Kemal Kılıçdaroğlu’nun ‘hiç kimse Atatürk’ün şu sözünü unutmasın’ cümlesinden sonra devamını getirmekte zorlanması her ne kadar dalga konusu olsa da aslında bu durum günümüzde makale hatta tez konusu olabilecek bir problemin varlığına işaret ediyor. CHP’de siyaset yapanlar veya günümüzde CHP’ye oy veren insanların “Atatürkçüyüz” söyleminin içeriğine gerçek anlamda sahip olduklarını kabul edebilir miyiz?
Cumhuriyetin hangi şartlarda kurulduğunu? Kuruluş döneminde Atatürk’ün mücadelesine destek veren silah arkadaşlarının kimler olduğunu? CHP’nin tüzüğüne altı okun partiye hangi yönetici tarafından dâhil edildiğini biliyorlar mı? Bunun yanında Nutuk adlı eserin içeriğinde ne var? Atatürk bu eserde nelerden bahsetmiş?
Merak etmiyor değilim.
Ağzını her açtığında konuşmasının başına Atatürk’ün ismini koyan bir kesimin yukarıdaki konularda ne kadar bilgi sahibi olduğunu sorgulamanın gerekliliği çok önemli. Gerçek anlamda sahip olmadığı bilgiye sahipmiş gibi görünmenin ‘Atatürkçülük kavramına ve gerçekte Atatürk’e’ zarar verdiğini düşünmek yanlış olmasa gerek.
Özellikle biz Atatürkçüyüz diyen gençlerin ‘Kemal Atatürk’ dövmelerinin yanında Atatürk amblemli araç gereçleri kullanmaktan öte ne gibi bir içeriğe sahipler bu durum da bir merak konusu.
Aynı durum muhafazakâr kesimin içinde de yaşanmıyor değil. Ben Müslümanım veya muhafazakârım diyen kesimlerin kendi dini vecibelerini ne kadar bildikleri? Muhafazakârlığın anlamının ne olduğunu? Müslümanlık ile muhafazakârlık kavramı arasındaki farkı, bu kavramların Türkiye’deki tarihi sürecinin nasıl şekillendiğini bildiklerinden çok emin değilim.
Peki, ideoloji veya inanç bahsinde görünürde donanımlı ama gerçekte öyle olmayan bir milletin inandığı veya savunduğu değerlerin doğruluğuna sahip olmaması bir tehlike değil mi? Özellikle bu tehlike siyaset ve ülke yönetimi açısından gelecekte uzlaşma kültüründen ziyade kutuplaşma kültürünü desteklemez mi?

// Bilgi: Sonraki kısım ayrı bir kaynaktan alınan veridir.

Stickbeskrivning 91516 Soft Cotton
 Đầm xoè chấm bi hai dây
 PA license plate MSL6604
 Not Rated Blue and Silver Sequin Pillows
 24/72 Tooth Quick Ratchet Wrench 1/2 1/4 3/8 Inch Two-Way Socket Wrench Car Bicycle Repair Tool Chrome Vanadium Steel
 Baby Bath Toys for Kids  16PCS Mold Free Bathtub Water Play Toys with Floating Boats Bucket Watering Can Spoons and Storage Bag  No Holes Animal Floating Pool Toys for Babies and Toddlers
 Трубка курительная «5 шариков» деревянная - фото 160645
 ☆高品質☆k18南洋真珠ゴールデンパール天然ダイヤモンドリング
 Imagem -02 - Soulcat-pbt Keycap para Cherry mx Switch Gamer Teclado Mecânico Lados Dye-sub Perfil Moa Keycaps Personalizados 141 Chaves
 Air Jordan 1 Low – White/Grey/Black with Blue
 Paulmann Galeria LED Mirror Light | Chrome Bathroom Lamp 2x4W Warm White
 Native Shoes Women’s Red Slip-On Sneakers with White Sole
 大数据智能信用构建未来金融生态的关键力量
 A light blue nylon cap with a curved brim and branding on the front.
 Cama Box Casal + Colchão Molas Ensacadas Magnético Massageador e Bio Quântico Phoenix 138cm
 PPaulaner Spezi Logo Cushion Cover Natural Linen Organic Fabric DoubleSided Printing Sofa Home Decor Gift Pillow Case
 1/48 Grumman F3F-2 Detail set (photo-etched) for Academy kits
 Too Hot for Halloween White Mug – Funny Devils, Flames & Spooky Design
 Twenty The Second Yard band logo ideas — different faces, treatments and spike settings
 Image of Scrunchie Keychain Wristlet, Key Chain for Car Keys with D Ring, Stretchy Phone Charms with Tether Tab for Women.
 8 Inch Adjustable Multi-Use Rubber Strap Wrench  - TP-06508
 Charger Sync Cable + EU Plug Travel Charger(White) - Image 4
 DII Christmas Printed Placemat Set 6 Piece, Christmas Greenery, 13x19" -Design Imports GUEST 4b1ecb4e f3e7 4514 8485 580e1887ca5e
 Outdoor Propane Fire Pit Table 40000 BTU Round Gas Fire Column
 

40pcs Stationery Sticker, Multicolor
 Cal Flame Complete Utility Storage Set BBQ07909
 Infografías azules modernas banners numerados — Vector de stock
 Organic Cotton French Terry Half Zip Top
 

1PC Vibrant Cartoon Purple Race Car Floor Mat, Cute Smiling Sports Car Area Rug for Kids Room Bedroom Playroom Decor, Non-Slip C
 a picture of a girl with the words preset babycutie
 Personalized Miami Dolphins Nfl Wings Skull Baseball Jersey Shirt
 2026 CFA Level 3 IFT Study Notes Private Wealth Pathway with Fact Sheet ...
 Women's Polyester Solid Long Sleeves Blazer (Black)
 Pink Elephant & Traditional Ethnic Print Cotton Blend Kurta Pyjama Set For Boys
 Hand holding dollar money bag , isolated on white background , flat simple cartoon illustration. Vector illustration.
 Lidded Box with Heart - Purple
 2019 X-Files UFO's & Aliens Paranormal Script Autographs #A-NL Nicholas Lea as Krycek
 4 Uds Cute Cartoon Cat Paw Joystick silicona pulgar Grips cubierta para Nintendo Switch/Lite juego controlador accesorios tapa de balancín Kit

Sorunun çözüme kavuşması için konu eğitime gelecek, bu çok net! Eğitime geldiğinde bu sefer işin içine öğretmenler girecek! Peki, öğretmenler bu konuda ne kadar objektif bilgilere sahip?
Millet olarak aynı görüşte olmak zorunda değiliz ama savunduğumuz ideoloji ve inançların gerçek bilgilerine sahip olmak zorundayız. Bu zorunluluk sayesinde kültürel çeşitliliği sahip demokratik bir millet olabileceğiz.